▸ **EXERCISE AIM**
Except for images, print the whole listing verbatim.

▸ **EXTRACTED DATA**
★ ★ ★ ★ ★

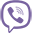 Viber Logo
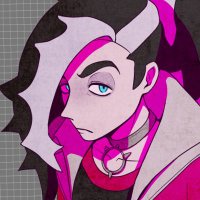 yukou (@serabiirose) 's Twitter Profile Photo yukou (@serabiirose) 's Twitter Profile Photo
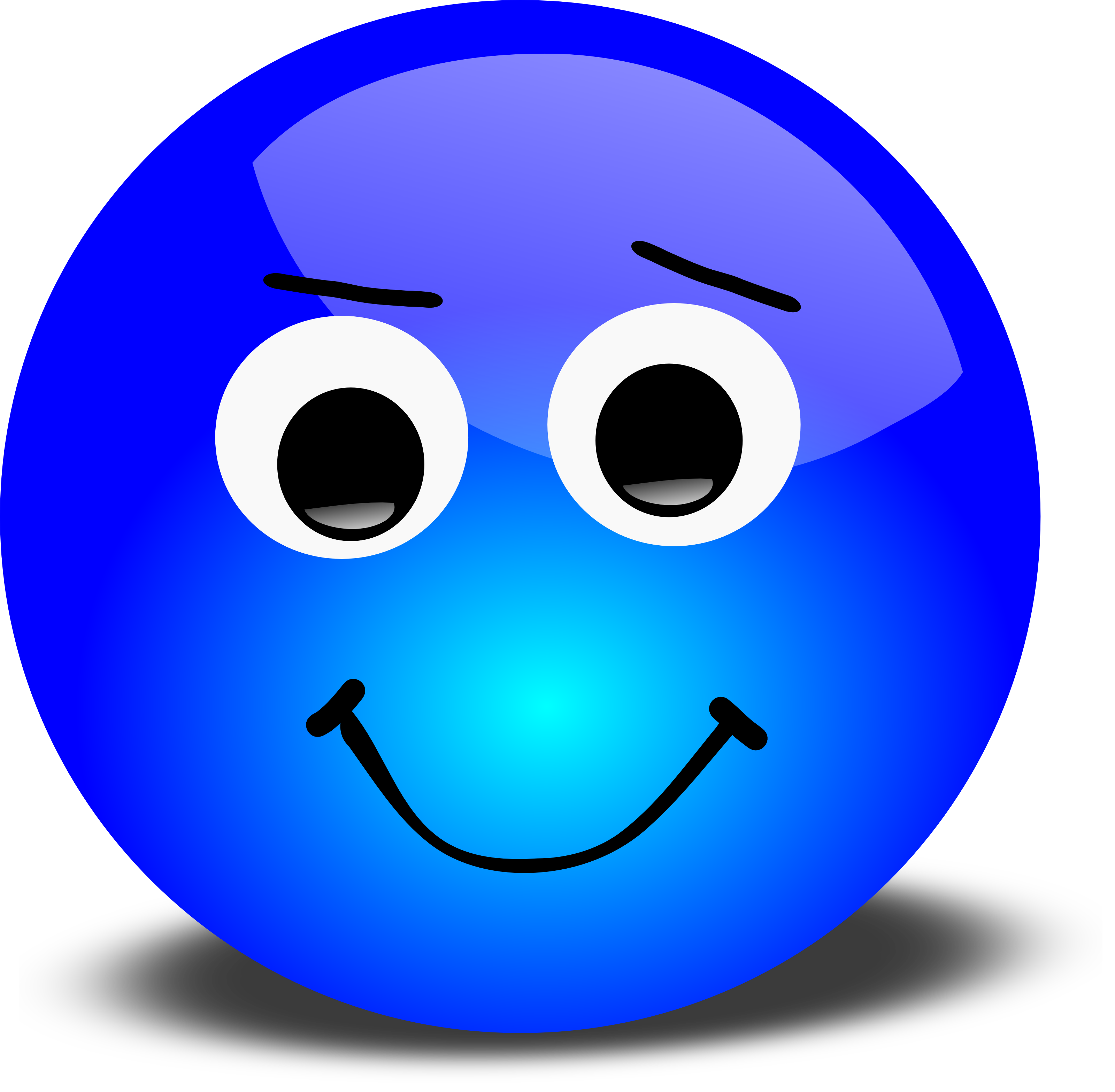 87-Free-3D-Disagreeable-Smiley-Face-Clipart-Illustration.png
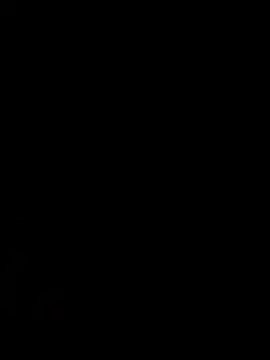 christian0009 online show from 04/09/26, 07:36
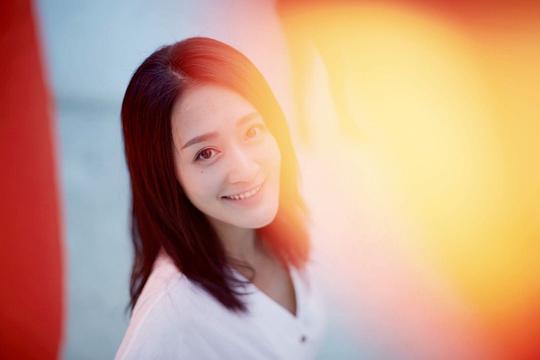 蔡雅同 Yatong Cai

★ ★ ★ ★ ★

▸ **OUTPUT OF THE TASK**
 Viber Logo
 yukou (@serabiirose) 's Twitter Profile Photo yukou (@serabiirose) 's Twitter Profile Photo
 87-Free-3D-Disagreeable-Smiley-Face-Clipart-Illustration.png
 christian0009 online show from 04/09/26, 07:36
 蔡雅同 Yatong Cai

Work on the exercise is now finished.